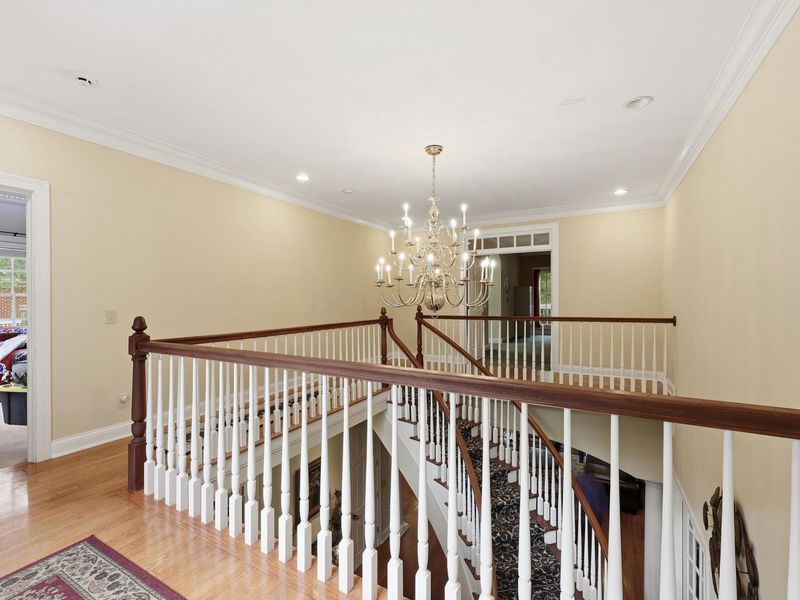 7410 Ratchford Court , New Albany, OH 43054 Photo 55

▬▬▬▬▬▬

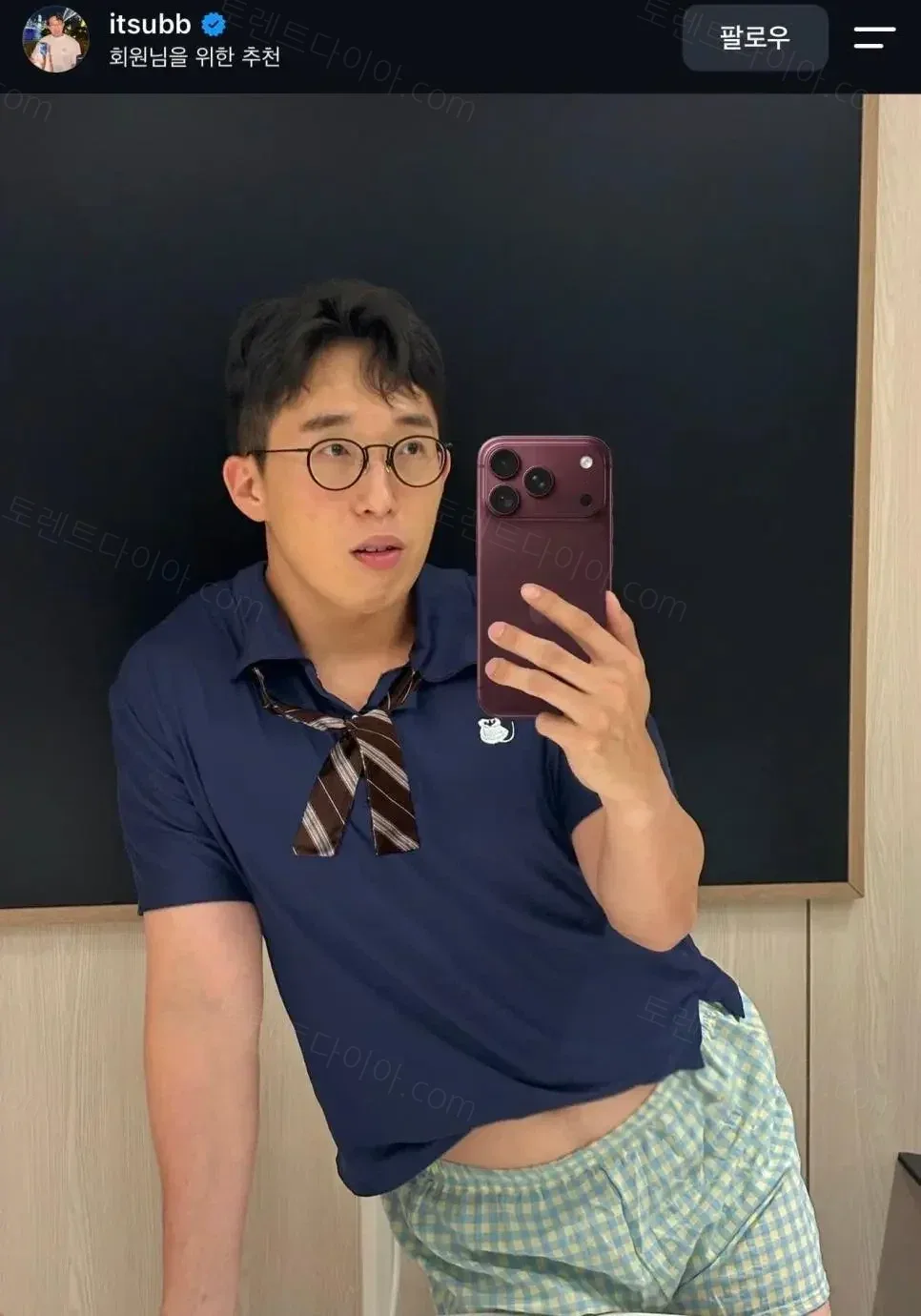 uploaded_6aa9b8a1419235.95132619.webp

▬▬▬▬▬▬

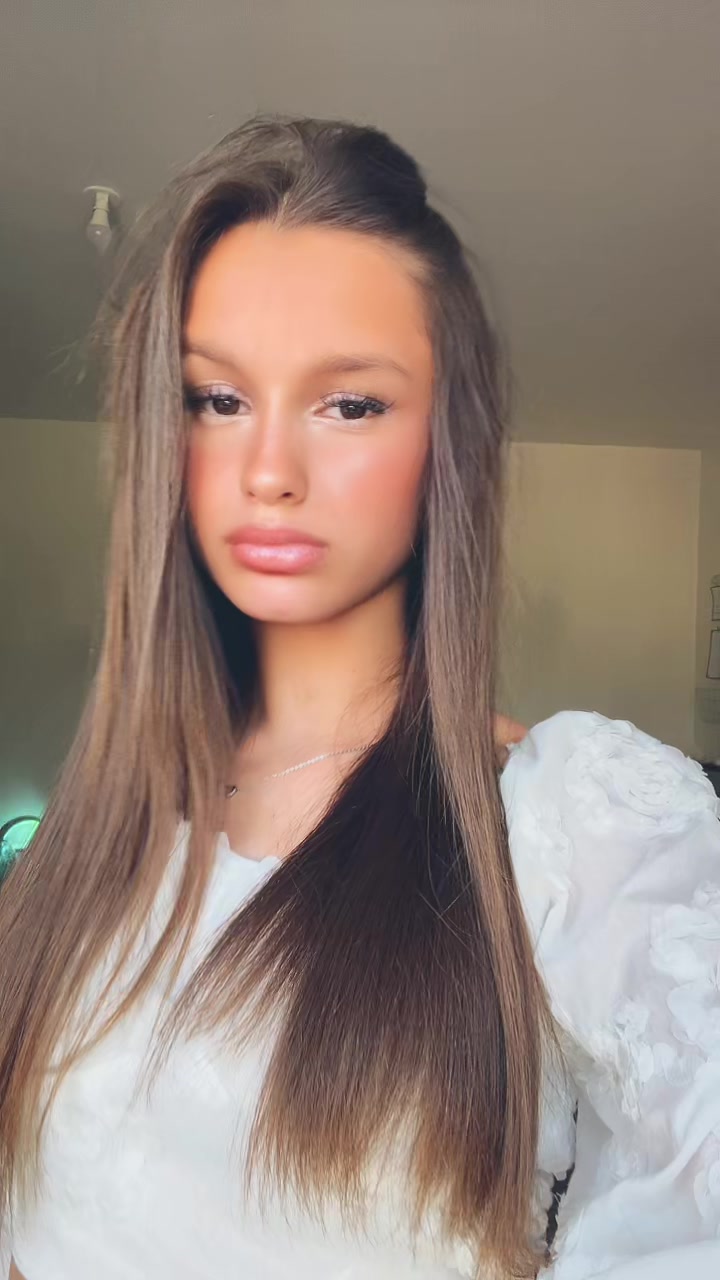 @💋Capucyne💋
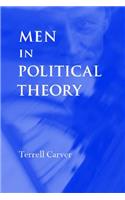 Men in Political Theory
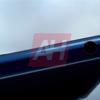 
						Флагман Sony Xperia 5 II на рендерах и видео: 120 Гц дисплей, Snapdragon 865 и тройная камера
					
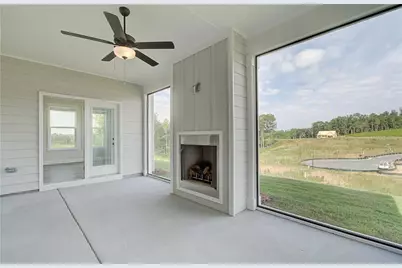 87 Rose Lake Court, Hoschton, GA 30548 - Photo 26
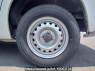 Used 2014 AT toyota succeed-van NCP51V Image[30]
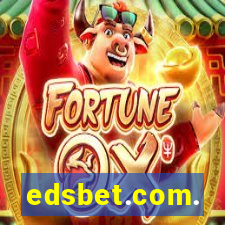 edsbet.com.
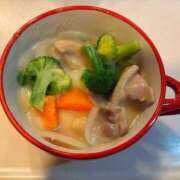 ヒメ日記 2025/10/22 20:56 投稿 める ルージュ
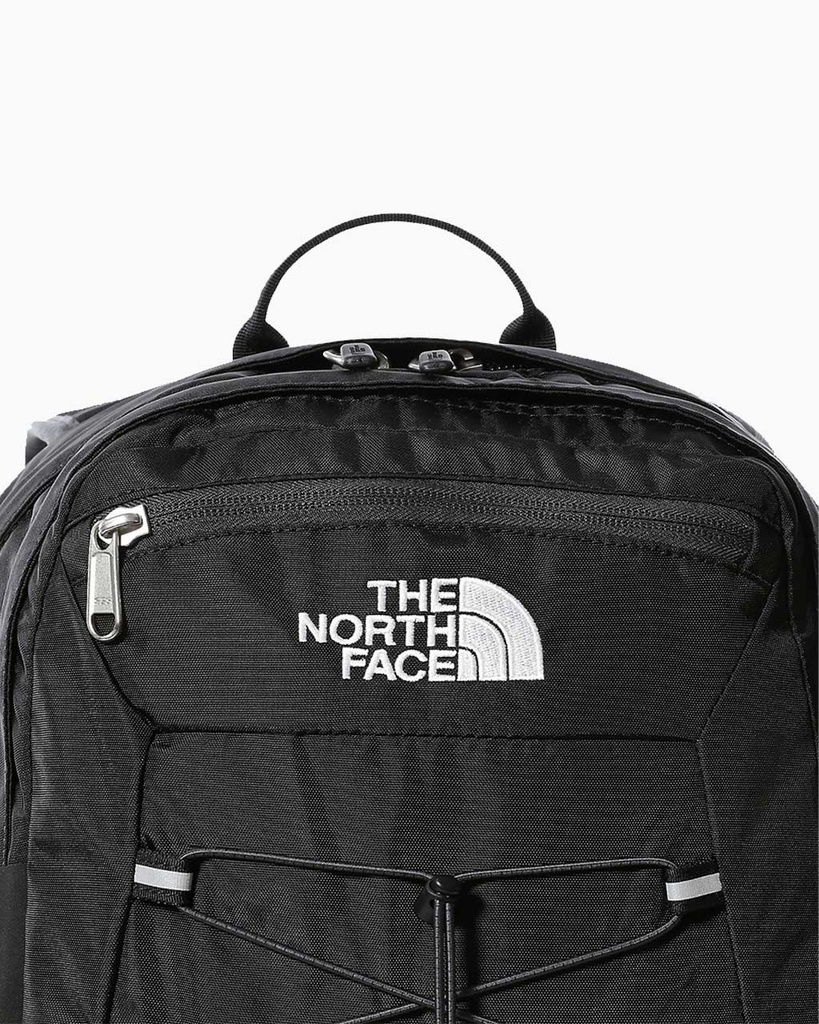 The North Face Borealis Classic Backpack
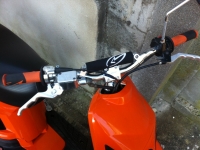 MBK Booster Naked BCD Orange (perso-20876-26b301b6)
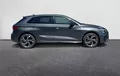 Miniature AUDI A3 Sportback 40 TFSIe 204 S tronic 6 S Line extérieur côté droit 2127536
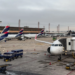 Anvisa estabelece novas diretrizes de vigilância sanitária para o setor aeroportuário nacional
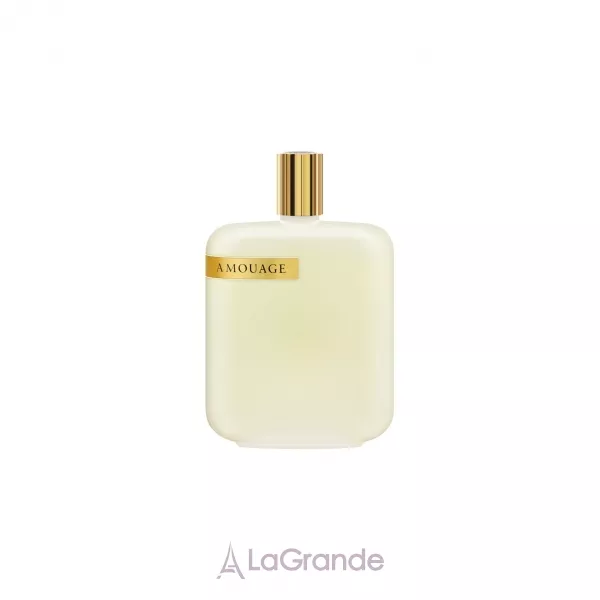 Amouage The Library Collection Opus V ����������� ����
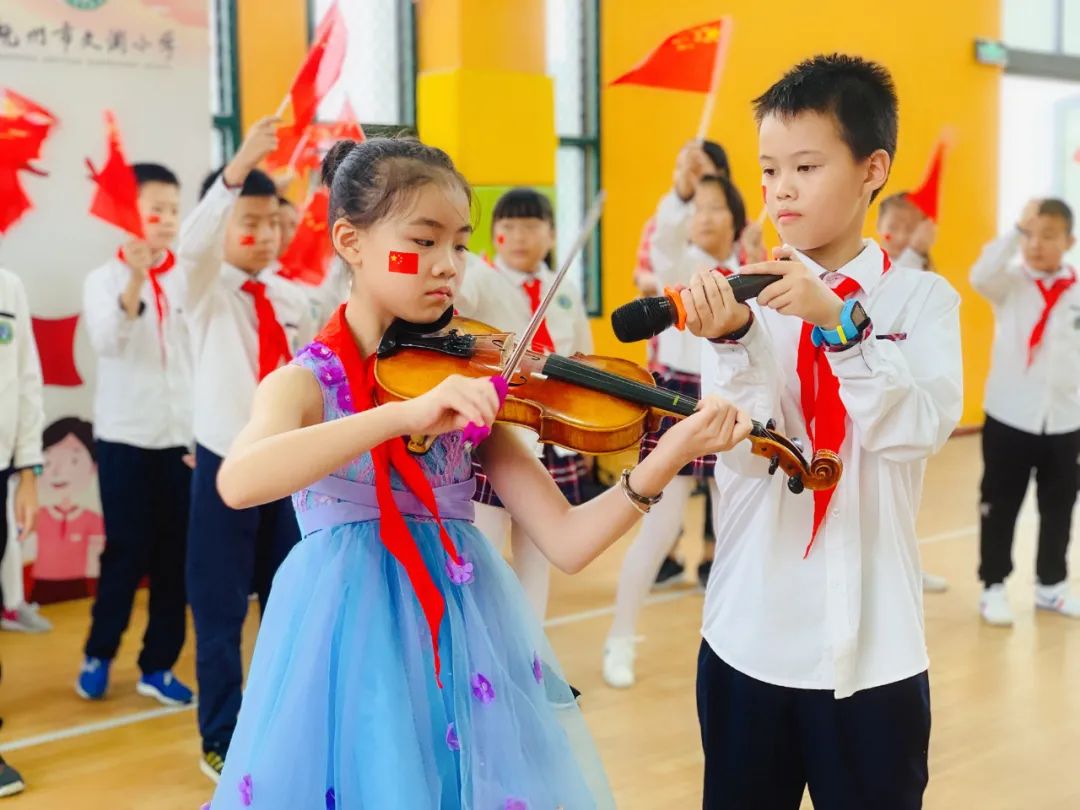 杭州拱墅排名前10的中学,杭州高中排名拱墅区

▬▬▬▬▬▬

--- PROBLEM DETAILS ---
From the data above, return only the lines starting at the line that holds "edsbet.com." and ending at the line that holds "杭州拱墅排名前10的中学,杭州高中排名拱墅区", word for word and without pictures.

--- ANSWER BELOW ---
 edsbet.com.
 ヒメ日記 2025/10/22 20:56 投稿 める ルージュ
 The North Face Borealis Classic Backpack
 MBK Booster Naked BCD Orange (perso-20876-26b301b6)
 Miniature AUDI A3 Sportback 40 TFSIe 204 S tronic 6 S Line extérieur côté droit 2127536
 Anvisa estabelece novas diretrizes de vigilância sanitária para o setor aeroportuário nacional
 Amouage The Library Collection Opus V ����������� ����
 杭州拱墅排名前10的中学,杭州高中排名拱墅区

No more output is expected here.